■ **Material provided**:
※ ※ ※

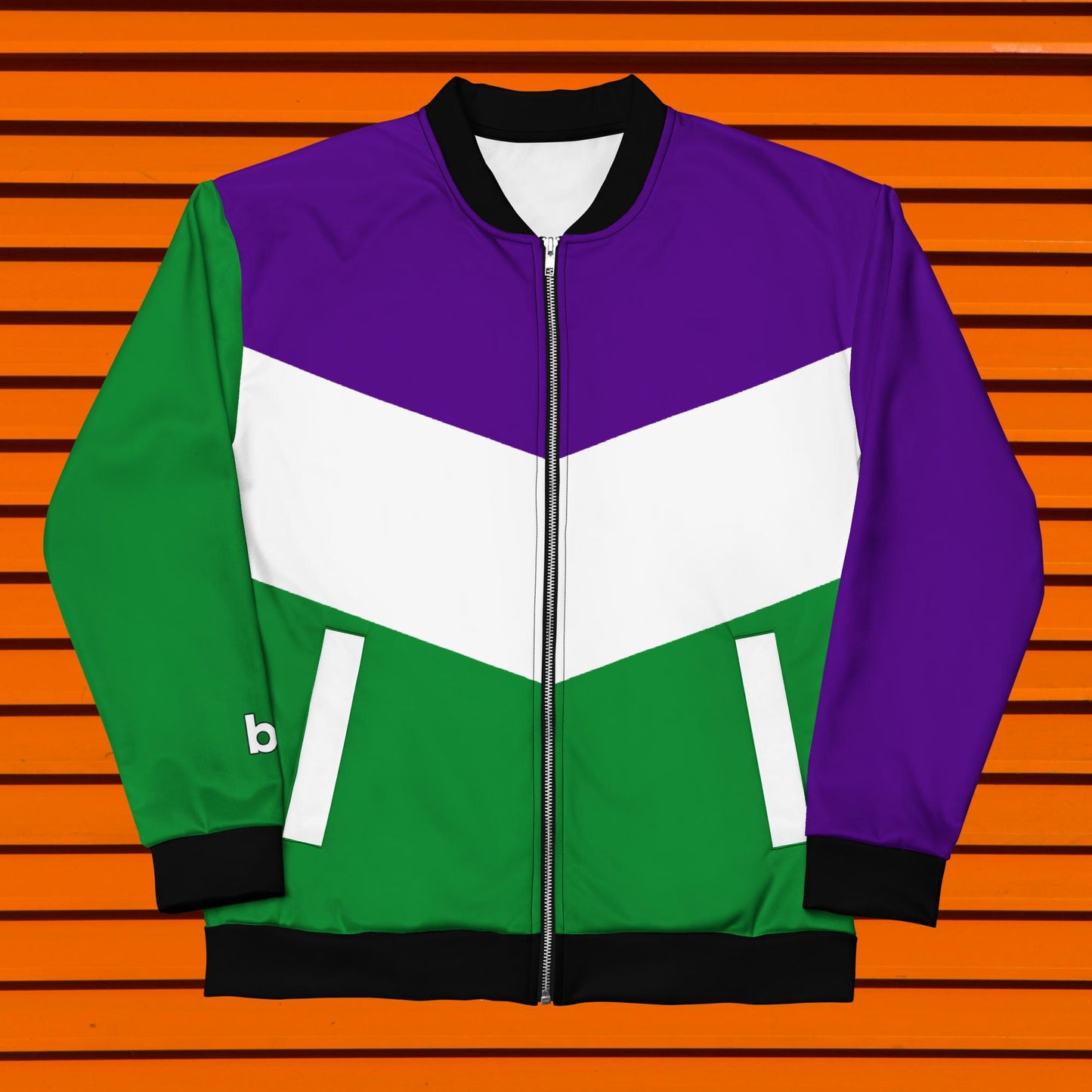 Bold outerwear celebrating LGBTQ+ pride: QR-Force Bomber Jacket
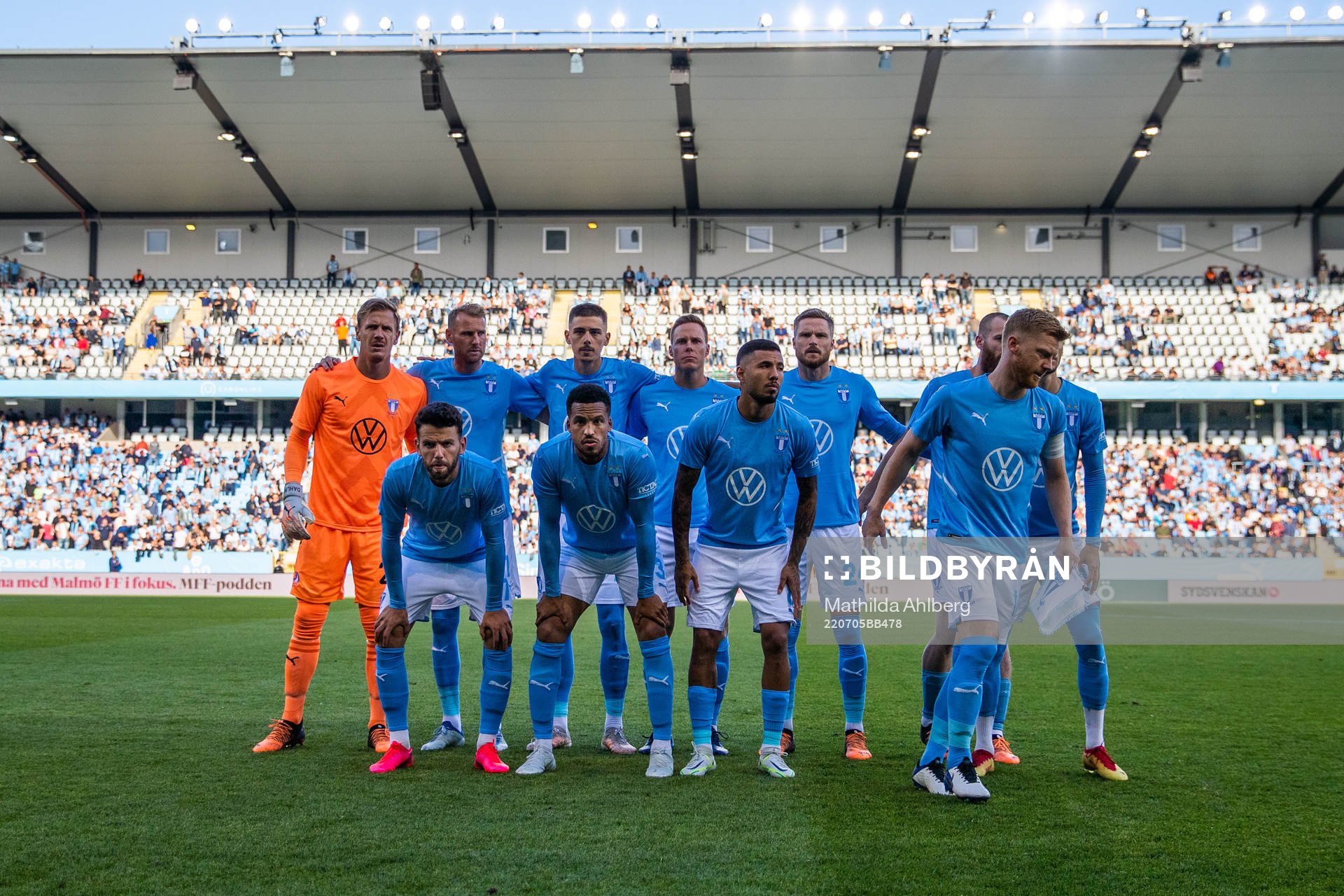 The starting eleven of Malmö FF ahead of the UEFA Champions League qualifying match between Malmö FF and Vikingur on July 5, 2022 in Malmö.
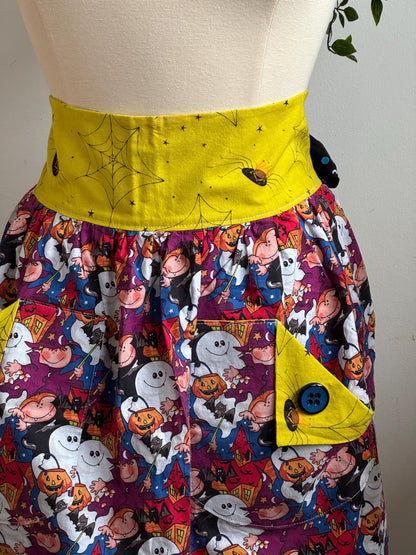 Handmade Halloween Themed Apron with Two Pockets and Darling Mixed Fabrics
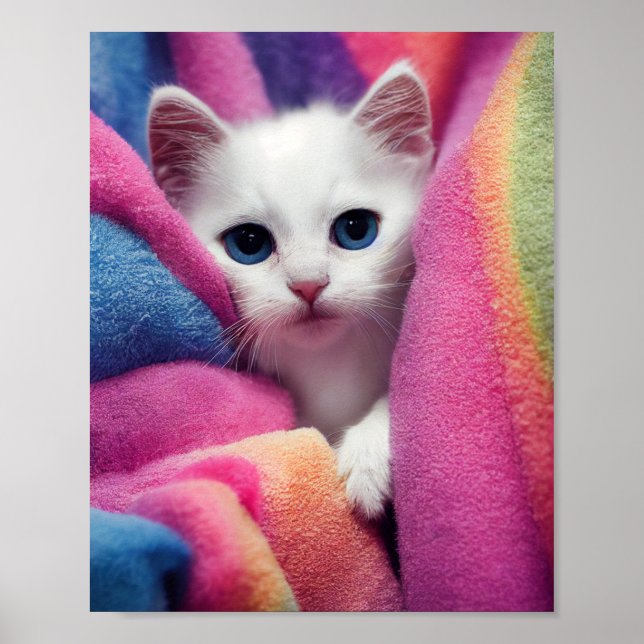 White Kitten - Rainbow Critters Collection Poster (Front)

※ ※ ※

■ **Action item**: Give the data again exactly, without pictures.

■ **Response to this task**:
 Bold outerwear celebrating LGBTQ+ pride: QR-Force Bomber Jacket
 The starting eleven of Malmö FF ahead of the UEFA Champions League qualifying match between Malmö FF and Vikingur on July 5, 2022 in Malmö.
 Handmade Halloween Themed Apron with Two Pockets and Darling Mixed Fabrics
 White Kitten - Rainbow Critters Collection Poster (Front)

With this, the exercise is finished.